● Material provided:
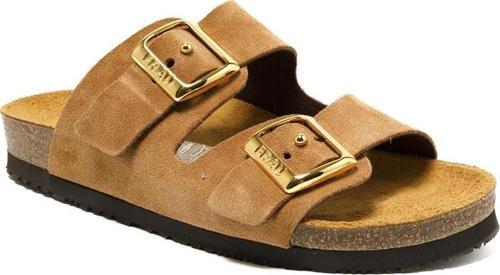 Kadın Terlik 17D8 Frau VELOUR-S Terra (Brown)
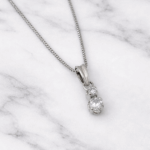 Collar doble punto de luz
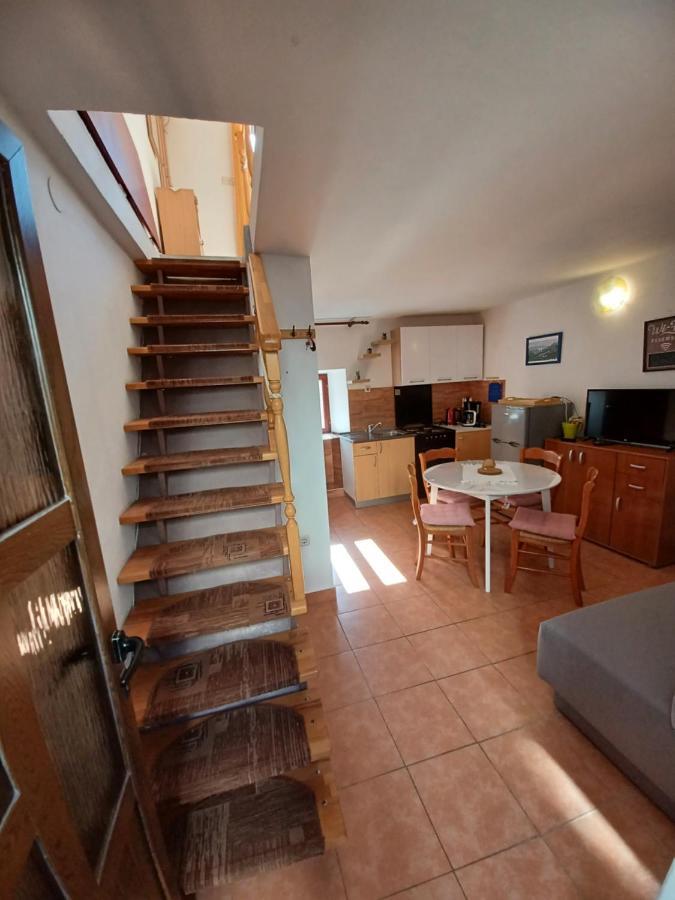 Apartment Mondo Baška Exteriér fotografie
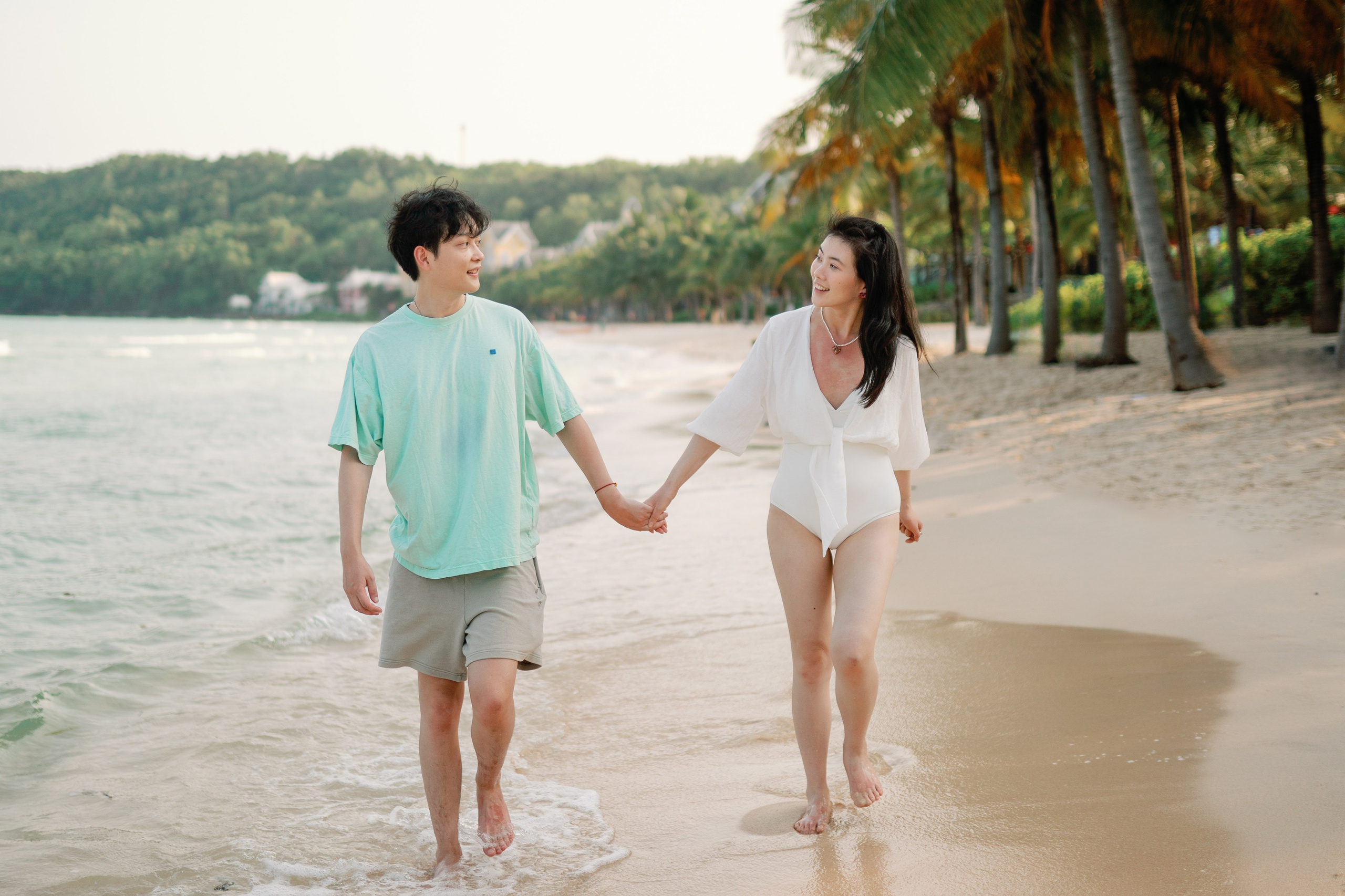 Family. Photographer Phu Quoc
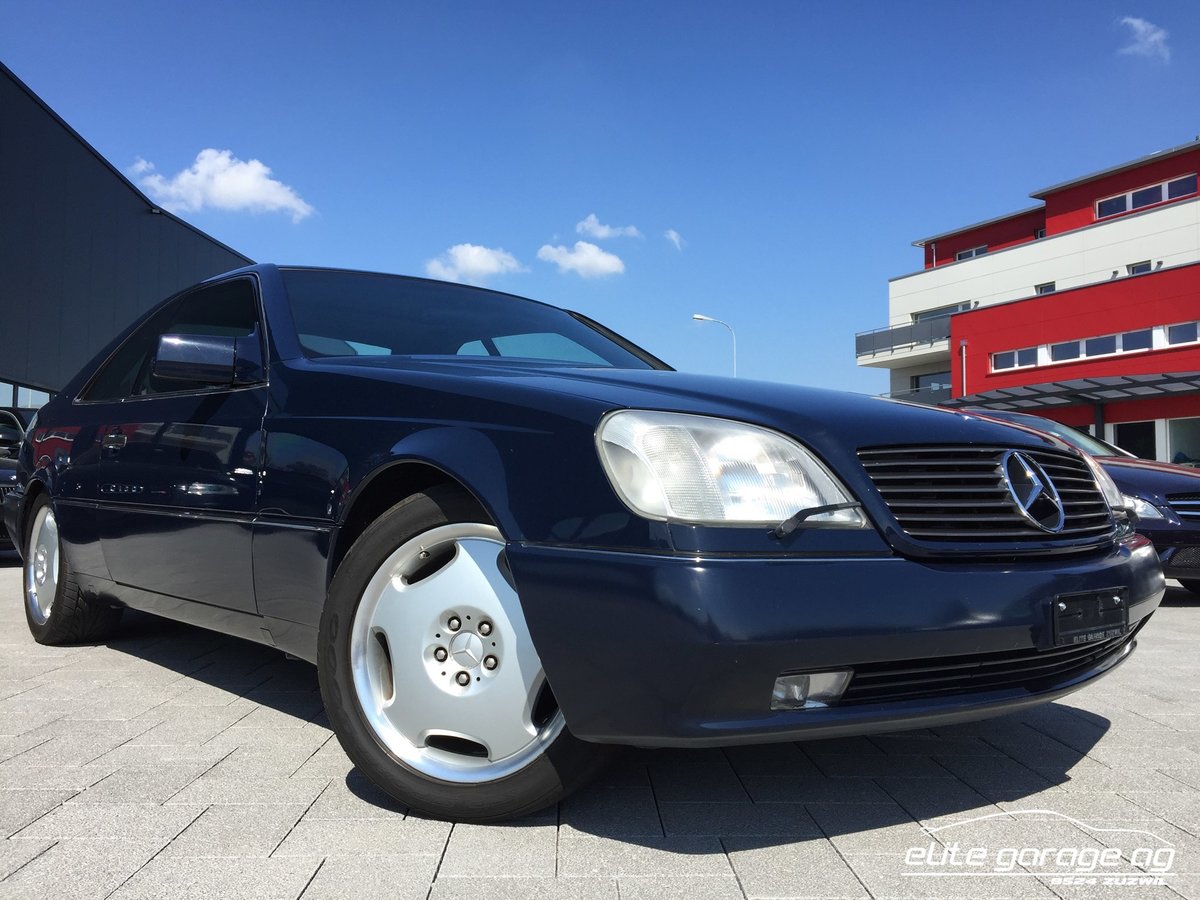 MERCEDES-BENZ S 420 Automatic, Essence, Occasion / Utilisé, Automatique - 4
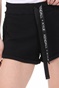 KENDALL + KYLIE-Γυναικείο σορτς KENDALL + KYLIE ACTIVE INSIDE OUT μαύρο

● What is needed: Return the records above verbatim, leaving out images.

● Reply:
 Kadın Terlik 17D8 Frau VELOUR-S Terra (Brown)
 Collar doble punto de luz
 Apartment Mondo Baška Exteriér fotografie
 Family. Photographer Phu Quoc
 MERCEDES-BENZ S 420 Automatic, Essence, Occasion / Utilisé, Automatique - 4
 KENDALL + KYLIE-Γυναικείο σορτς KENDALL + KYLIE ACTIVE INSIDE OUT μαύρο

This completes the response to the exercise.